• [WHAT IS REQUIRED]
Repeat exactly what runs from the line containing "Woven bucket shoulder" through the last line of the material below. Do not copy the pictures.

• [DATA SEGMENT]
***
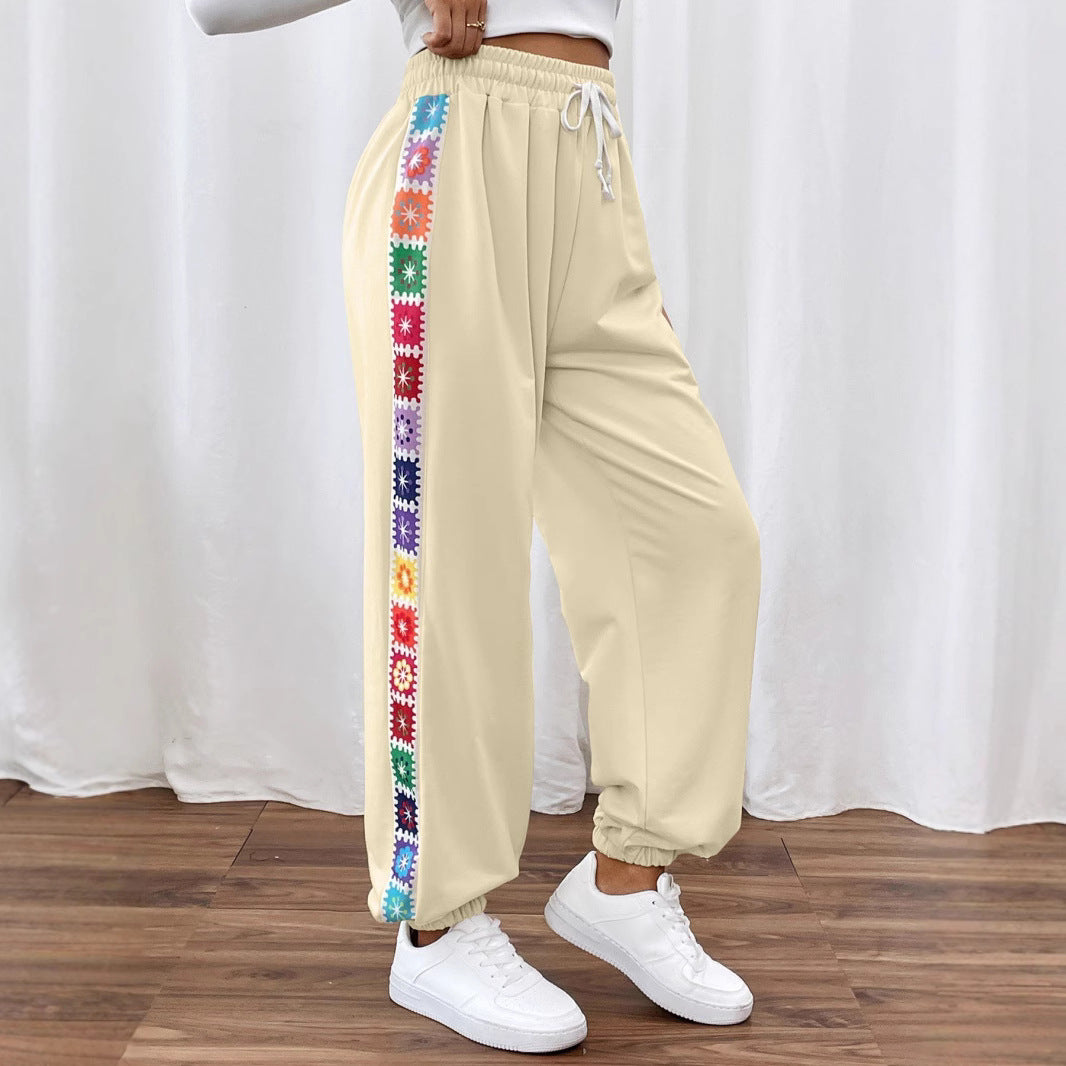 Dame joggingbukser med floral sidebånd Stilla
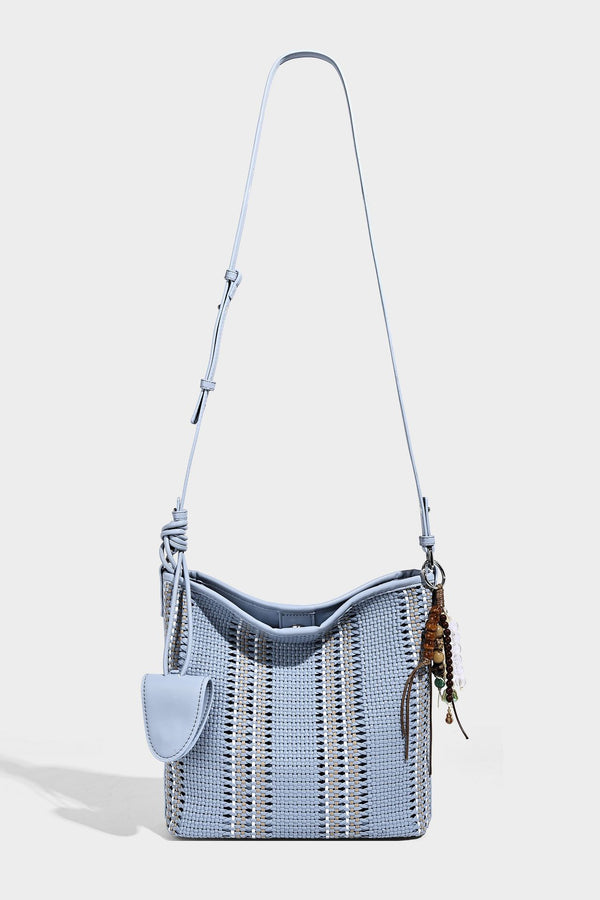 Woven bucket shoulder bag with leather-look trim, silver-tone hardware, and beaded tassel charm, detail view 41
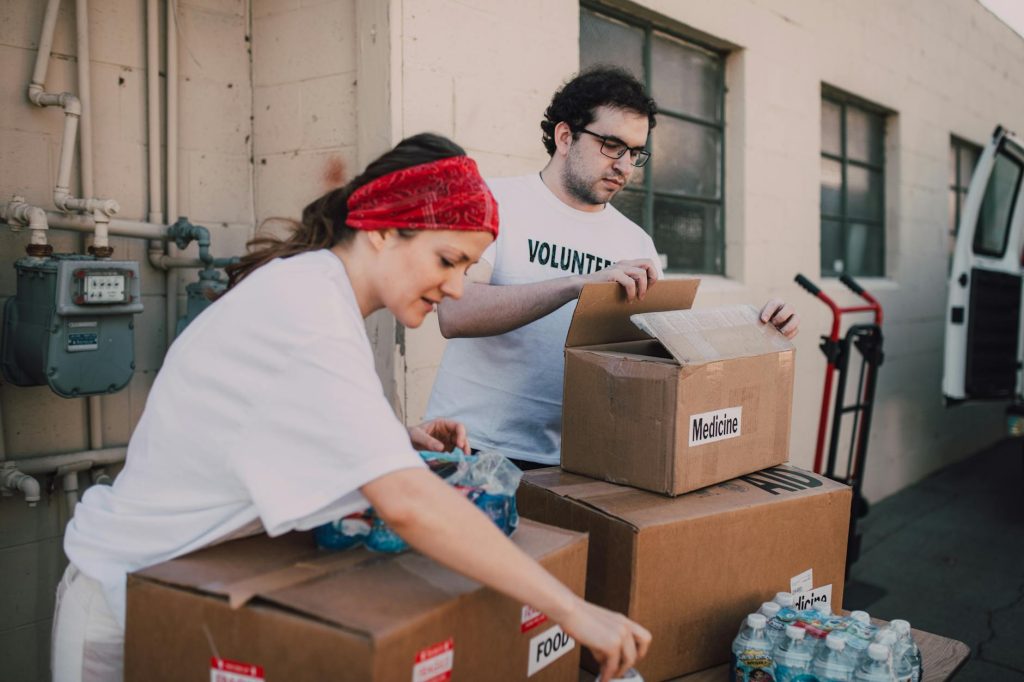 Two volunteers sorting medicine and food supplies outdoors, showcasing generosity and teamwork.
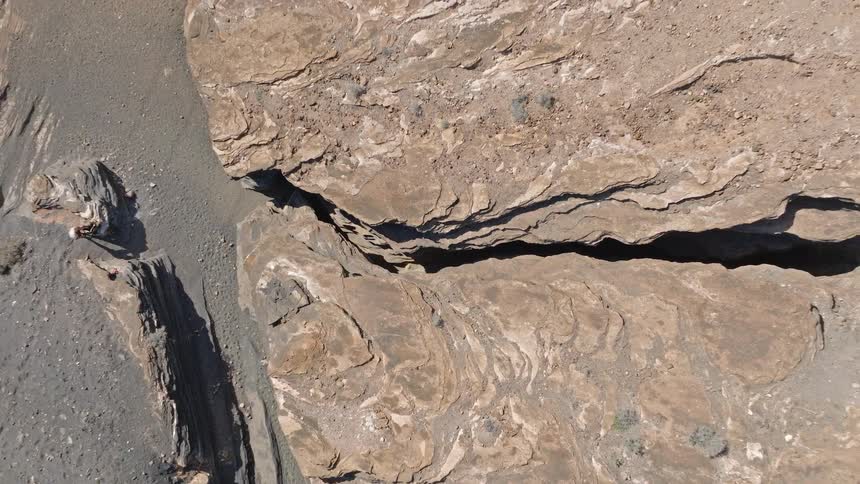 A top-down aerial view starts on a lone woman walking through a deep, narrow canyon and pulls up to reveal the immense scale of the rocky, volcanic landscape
***
• [EXPECTED ANSWER]
 Woven bucket shoulder bag with leather-look trim, silver-tone hardware, and beaded tassel charm, detail view 41
 Two volunteers sorting medicine and food supplies outdoors, showcasing generosity and teamwork.
 A top-down aerial view starts on a lone woman walking through a deep, narrow canyon and pulls up to reveal the immense scale of the rocky, volcanic landscape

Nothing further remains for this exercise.